BEGIN

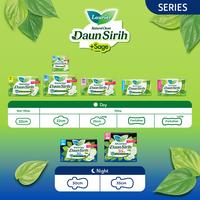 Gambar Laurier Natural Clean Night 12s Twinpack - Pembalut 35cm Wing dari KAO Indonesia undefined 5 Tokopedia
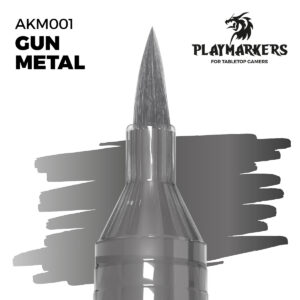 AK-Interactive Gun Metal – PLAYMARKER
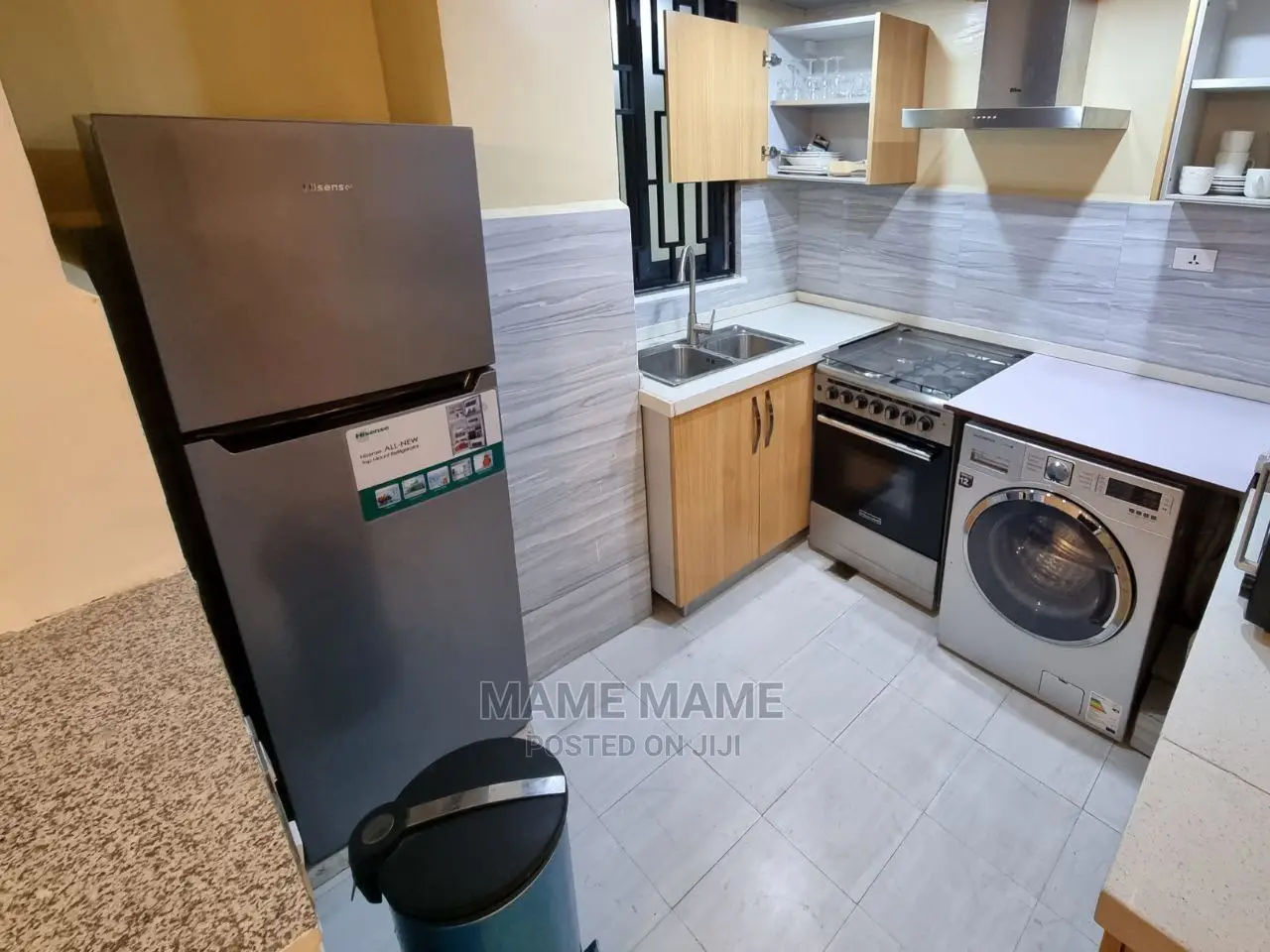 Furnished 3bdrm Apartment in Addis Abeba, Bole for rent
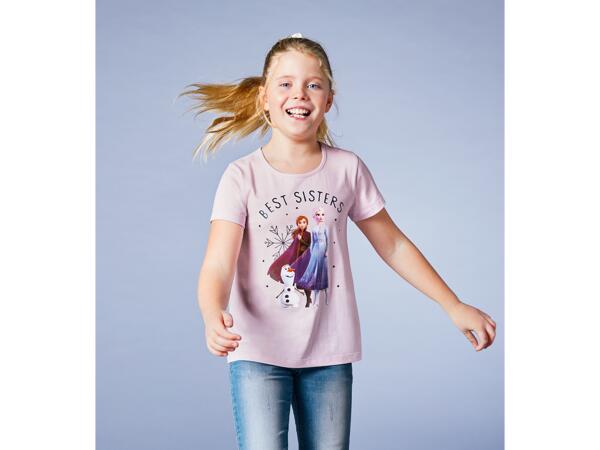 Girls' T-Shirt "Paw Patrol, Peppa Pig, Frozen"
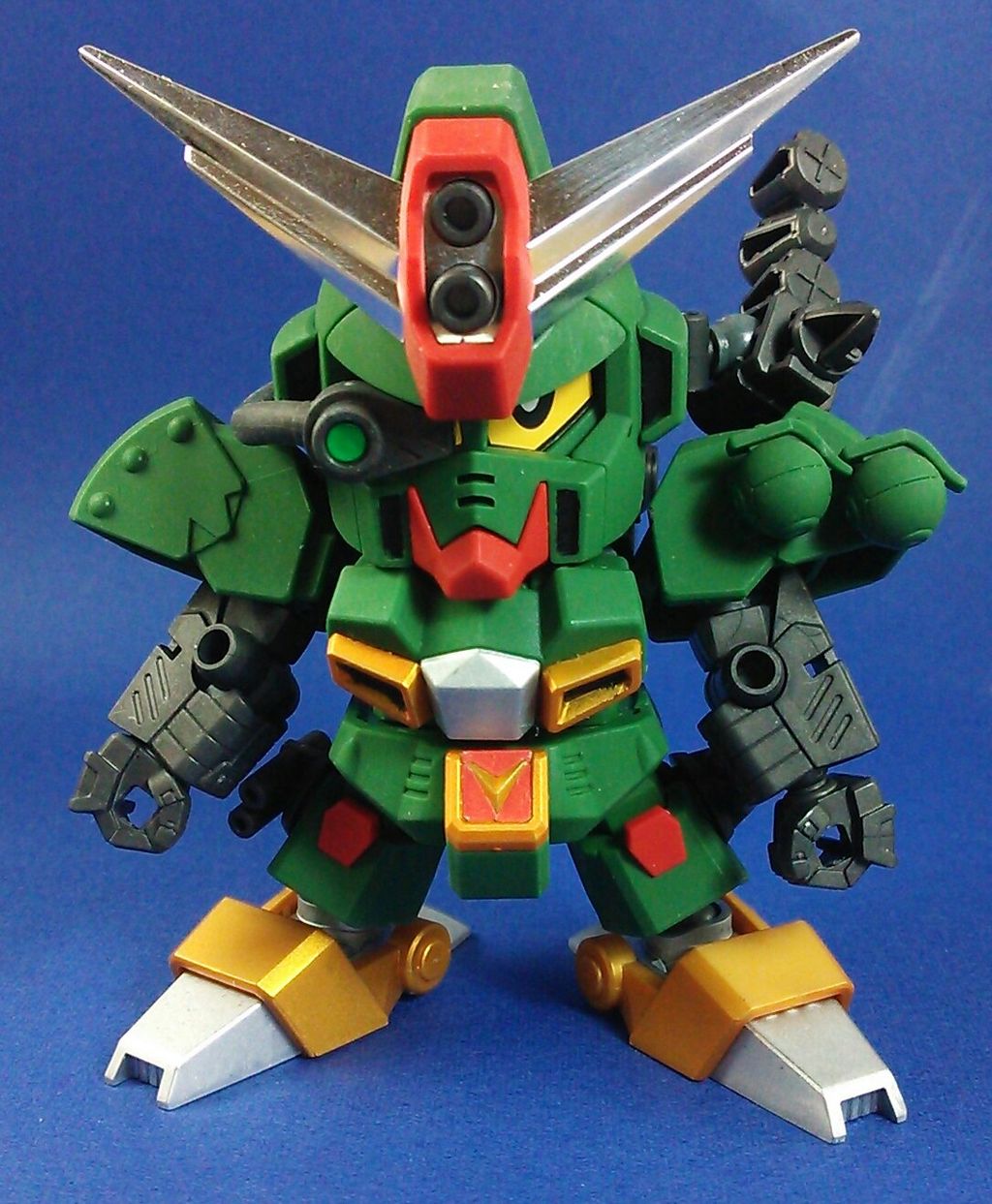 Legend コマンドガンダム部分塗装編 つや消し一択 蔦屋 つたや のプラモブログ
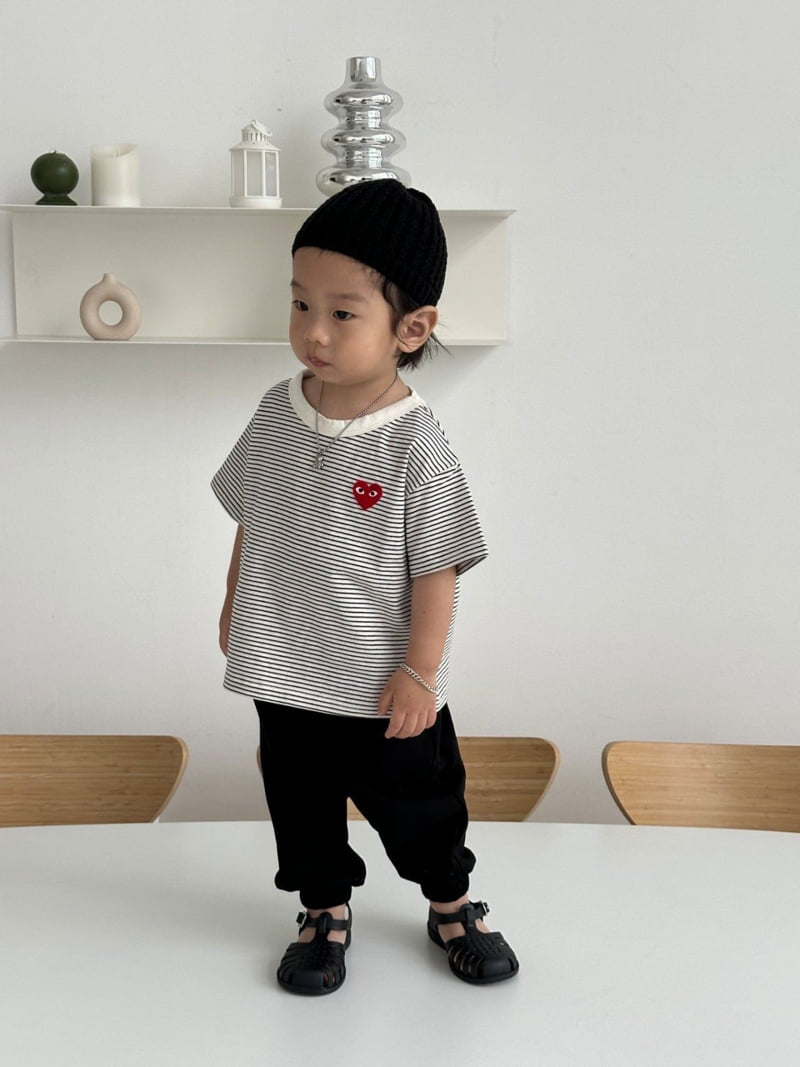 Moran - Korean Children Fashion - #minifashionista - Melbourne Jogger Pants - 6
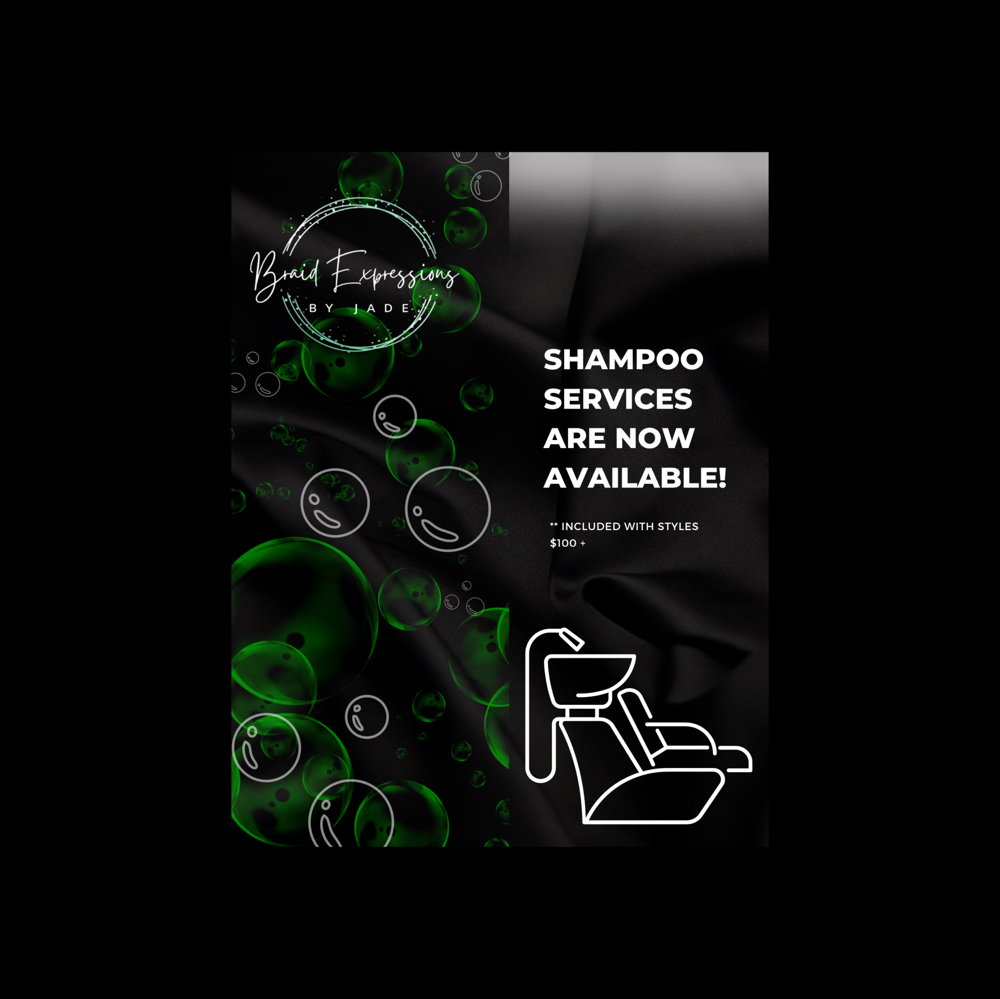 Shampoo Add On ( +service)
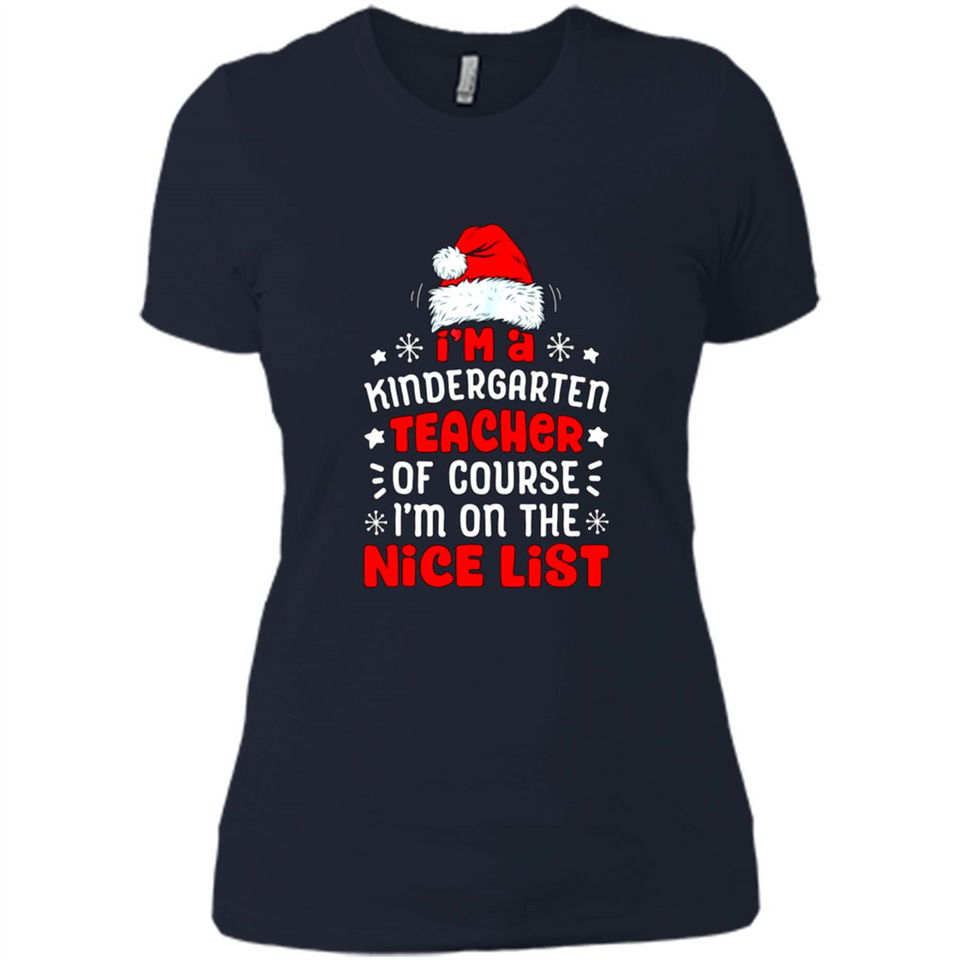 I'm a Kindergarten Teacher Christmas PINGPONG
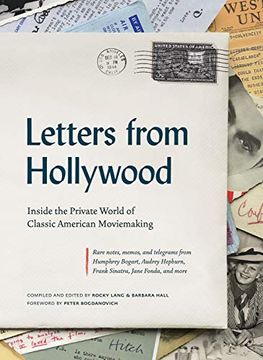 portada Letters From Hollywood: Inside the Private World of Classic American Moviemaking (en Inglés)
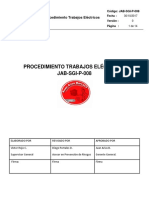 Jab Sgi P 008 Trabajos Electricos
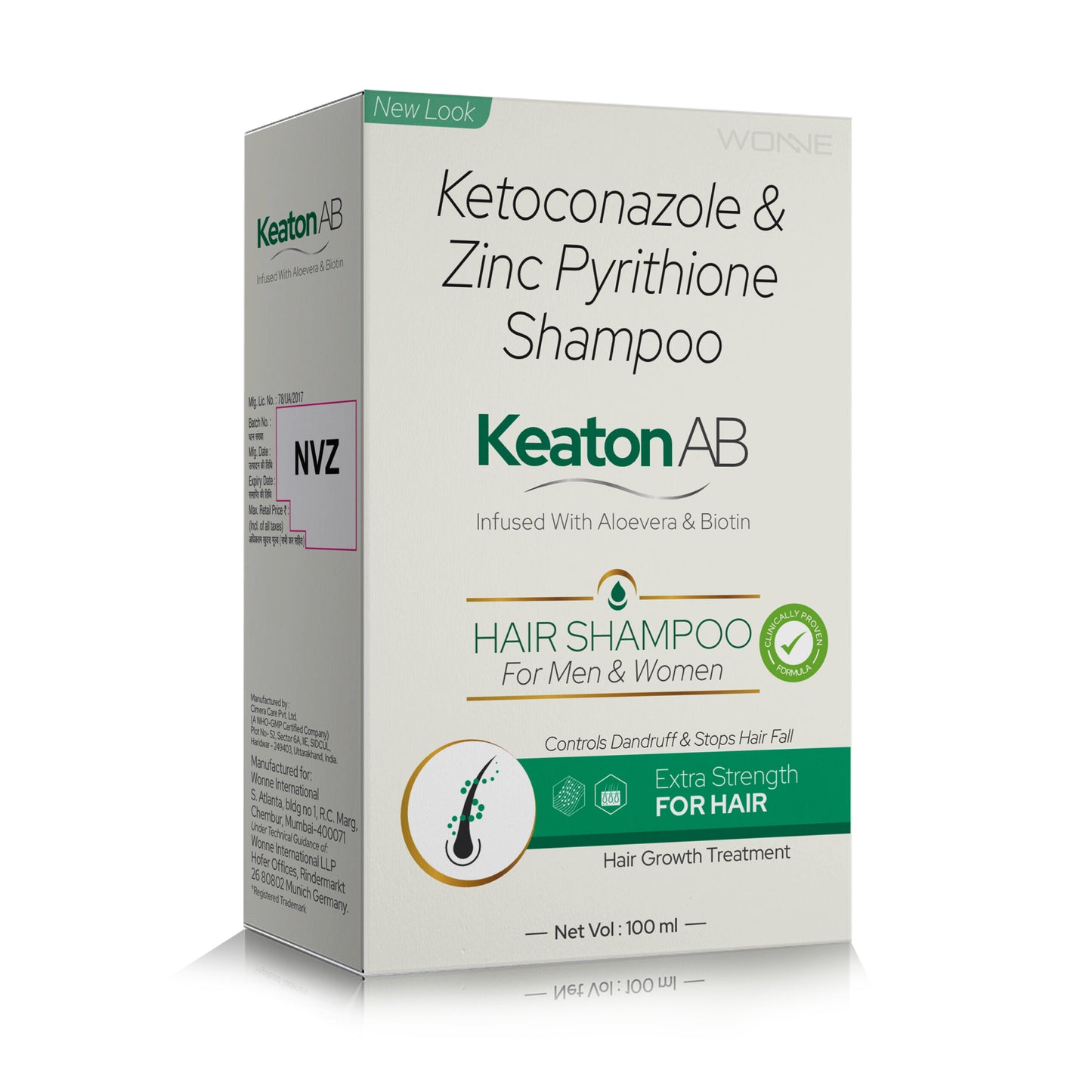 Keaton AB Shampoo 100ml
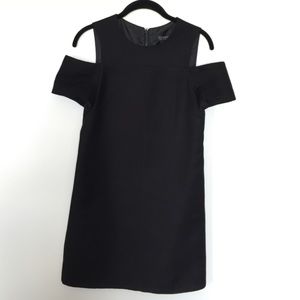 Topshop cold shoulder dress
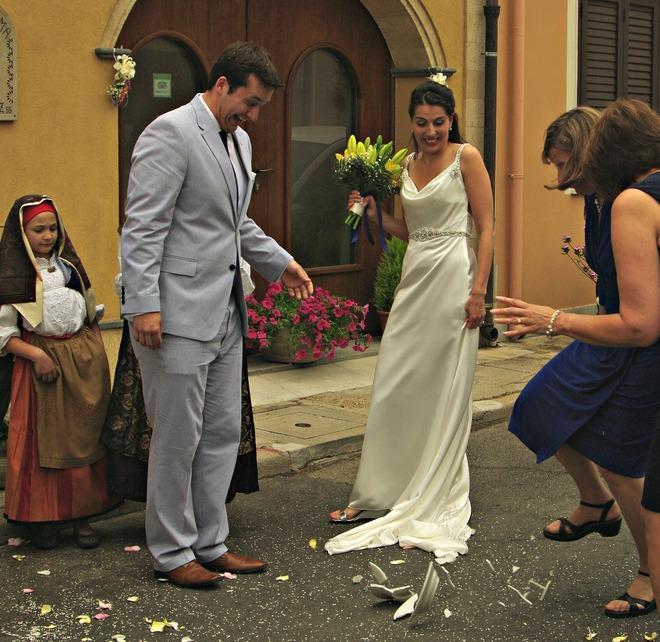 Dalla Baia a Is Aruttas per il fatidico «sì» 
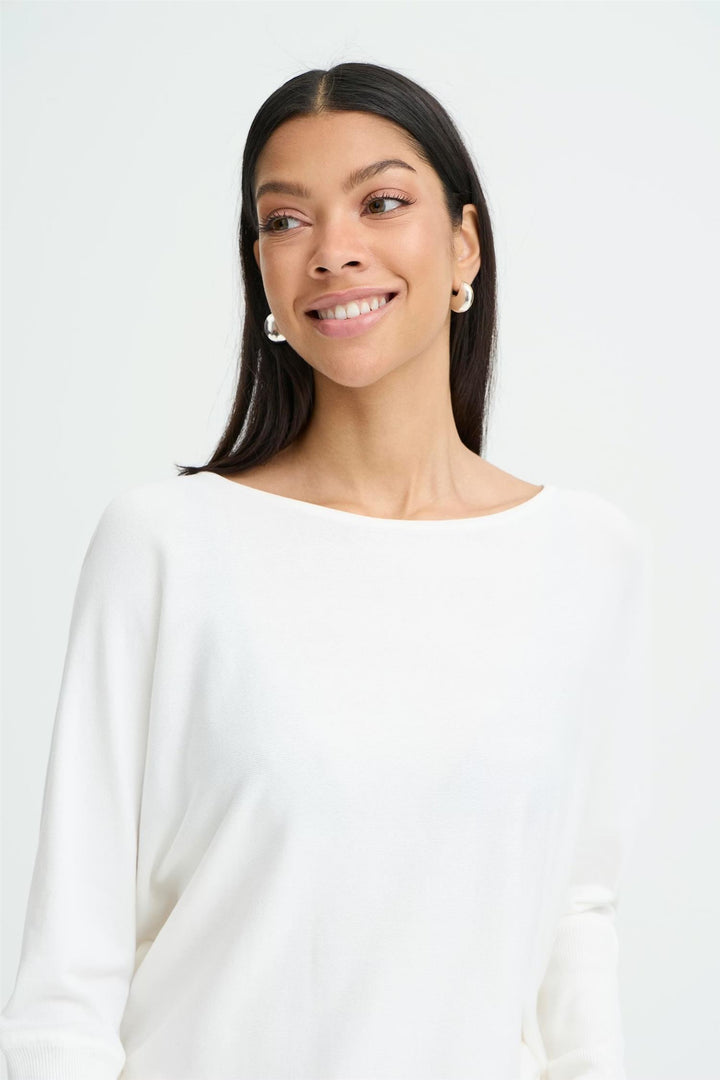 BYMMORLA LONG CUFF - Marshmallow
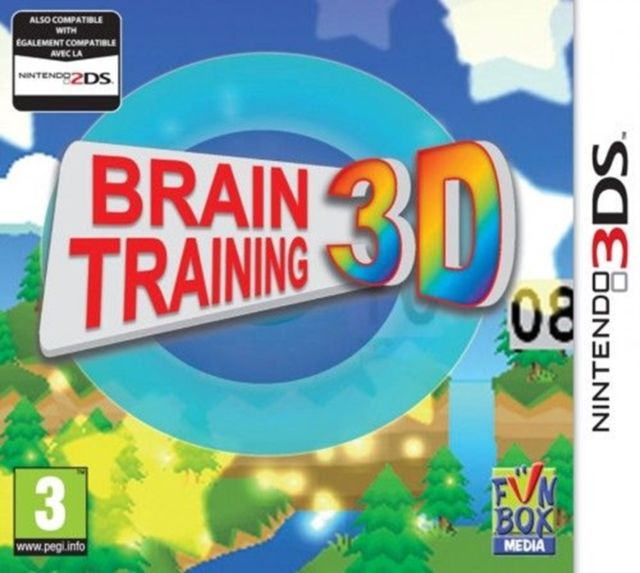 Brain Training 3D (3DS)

END

▶ _PROBLEM REQUIREMENTS_:
Your response must consist of the lines from the beginning of the data through the line containing "Dalla Baia a", transcribed exactly, with no pictures.

▶ _SOLVED EXERCISE_:
 Gambar Laurier Natural Clean Night 12s Twinpack - Pembalut 35cm Wing dari KAO Indonesia undefined 5 Tokopedia
 AK-Interactive Gun Metal – PLAYMARKER
 Furnished 3bdrm Apartment in Addis Abeba, Bole for rent
 Girls' T-Shirt "Paw Patrol, Peppa Pig, Frozen"
 Legend コマンドガンダム部分塗装編 つや消し一択 蔦屋 つたや のプラモブログ
 Moran - Korean Children Fashion - #minifashionista - Melbourne Jogger Pants - 6
 Shampoo Add On ( +service)
 I'm a Kindergarten Teacher Christmas PINGPONG
 portada Letters From Hollywood: Inside the Private World of Classic American Moviemaking (en Inglés)
 Jab Sgi P 008 Trabajos Electricos
 Keaton AB Shampoo 100ml
 Topshop cold shoulder dress
 Dalla Baia a Is Aruttas per il fatidico «sì» 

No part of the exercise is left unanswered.